The CPI measures the changes in the price of a fixed basket of goods and services that households in Ghana consume.
The said basket which contains food and non-food items helps in appreciating the average price levels in the country.
Impact of food price increases
The contribution of food to overall inflation in Ghana has risen in the past 2 months. Food contributed 41.8% to overall inflation in June, and 47% in July.
Data from commodity price analysts Esoko indicates that a 100 kg bag of maize at the Techiman market has risen by about 60% from January to June this year, rising from GHS191 to GHS301.
A 72kg crate of tomatoes from the same market over the same period rose by almost 130% from GHS397 to GHS904.
The rise in prices in the past 2 months coincides with the period in which transport fares were increased by 13% by the Ghana Private Road Transport Union (GPRTU).
Following the increase in fares at the start of June, food inflation also saw a jump to 7.3% in that month, after food inflation dropped consistently from February to May 2021.
A further look at the data shows that the year-on-year inflation rate for July for cereal products was one of the highest at 12.2 % while Milk, Dairy Products and Eggs in light of the issues facing the poultry sector recorded a rate of 14.2 %.

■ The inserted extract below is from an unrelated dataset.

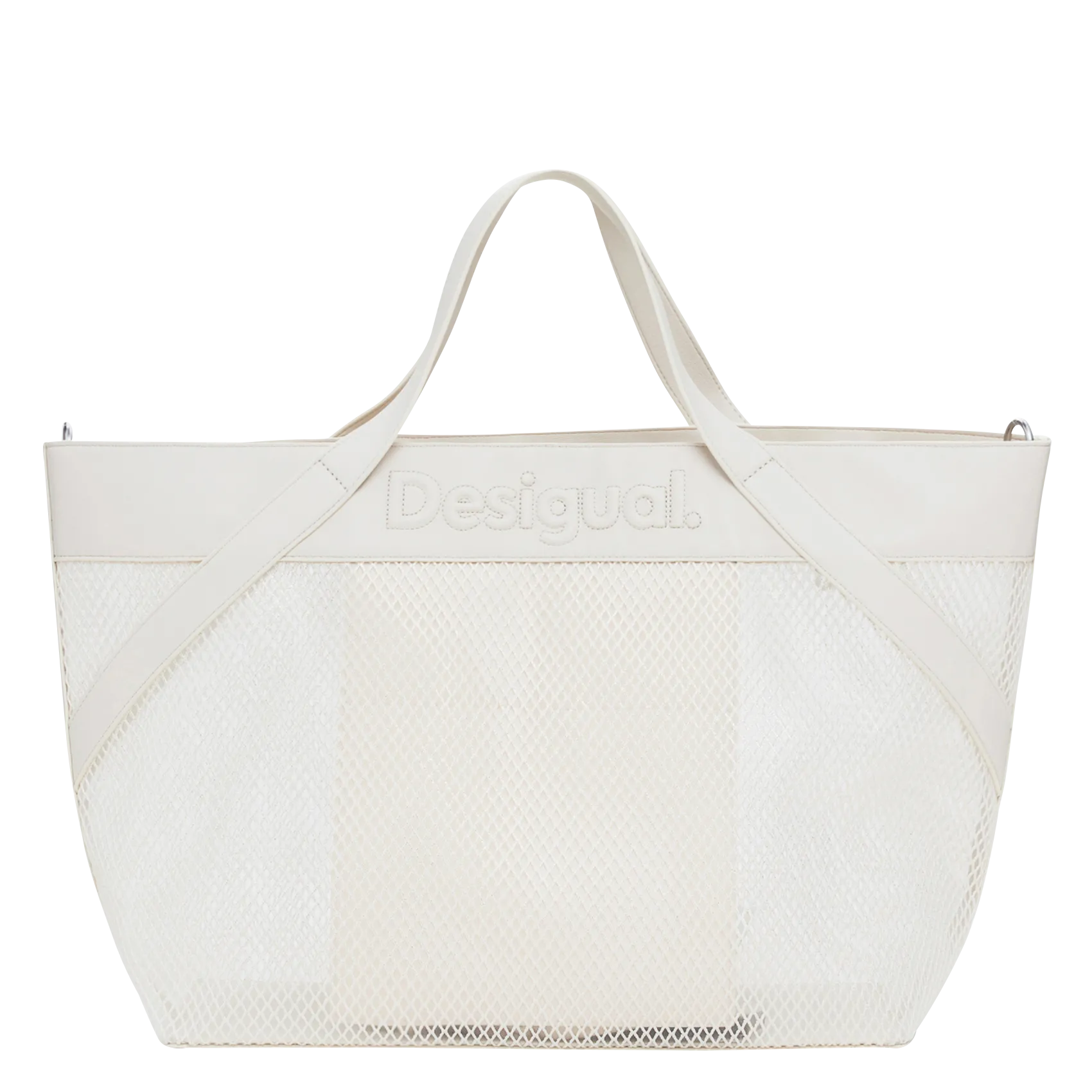 Grand sac shopper en tissu maillé Blanc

Professor Samuel Kobina Annim is the Government Statistician, and he highlights the impact that food inflation had on overall inflation in July 2021.
“If you’re looking at food inflation and its impact on the overall 9% inflation rate, the main drivers were Tea, Milk, Dairy Products and Eggs, Cereal Products and Ready-made food. These four sub-classes are the ones driving the year-on-year food inflation.”

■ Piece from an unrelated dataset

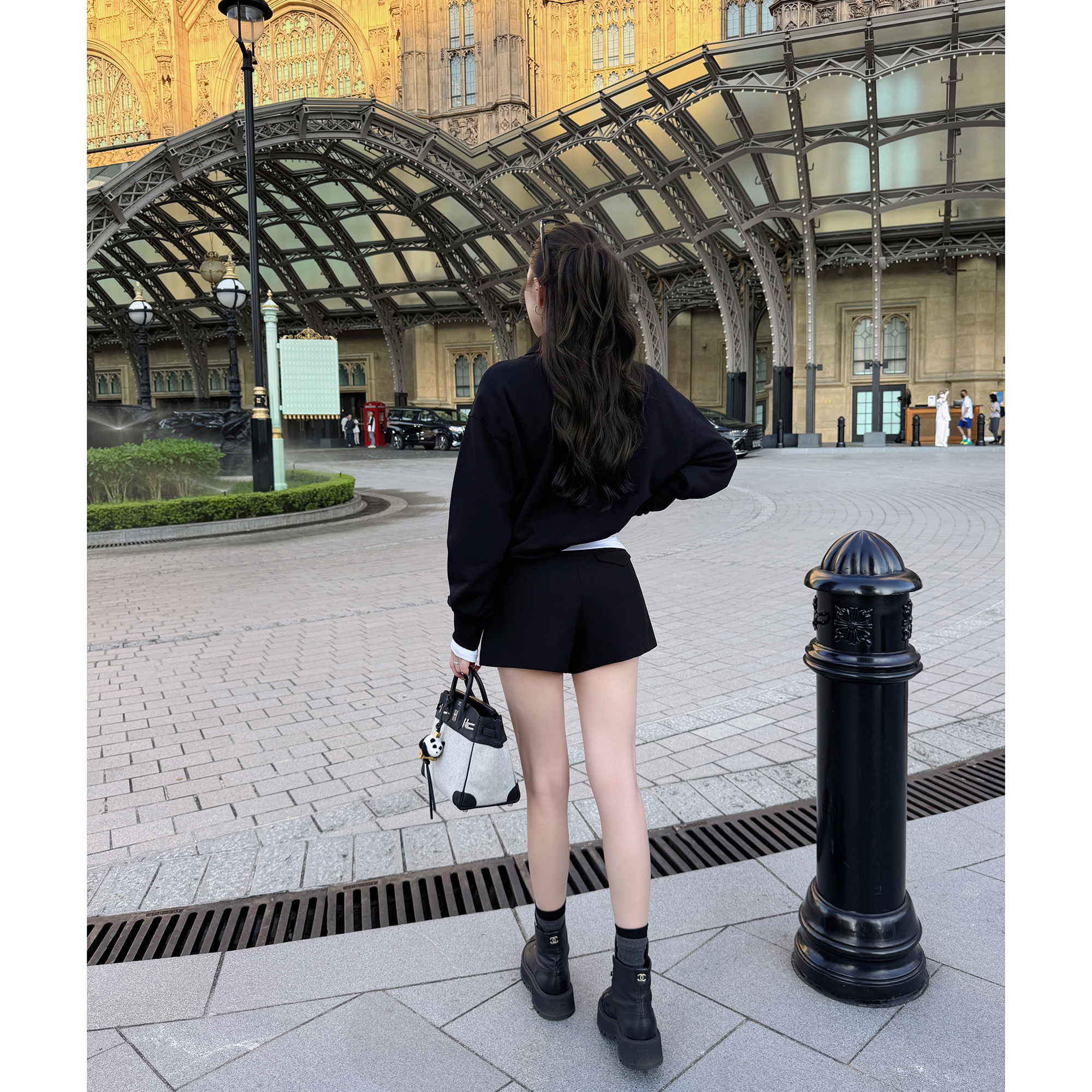 RUBBIT显瘦显高万能搭 气质高腰西装短裤 百搭A字阔腿休闲短裤女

Professor Annim further added that the impact of food on inflation can’t be argued about.
“What we have analysed from a retrospective point of view, shows that the contribution of food has inched up by 5.2 percentage points, having contributed 41.8% to overall inflation in June 2021, and 47% in July 2021. Clearly, this points to the fact that food prices drove an overall 9% inflation rate for the month of July.”
Here is a regional breakdown:
At the regional level, the year-on-year inflation rate ranged from 3.0 percent in the Eastern Region to 13.8 percent in the Upper West Region. Four regions recorded inflation rates above the national average of 9.0%.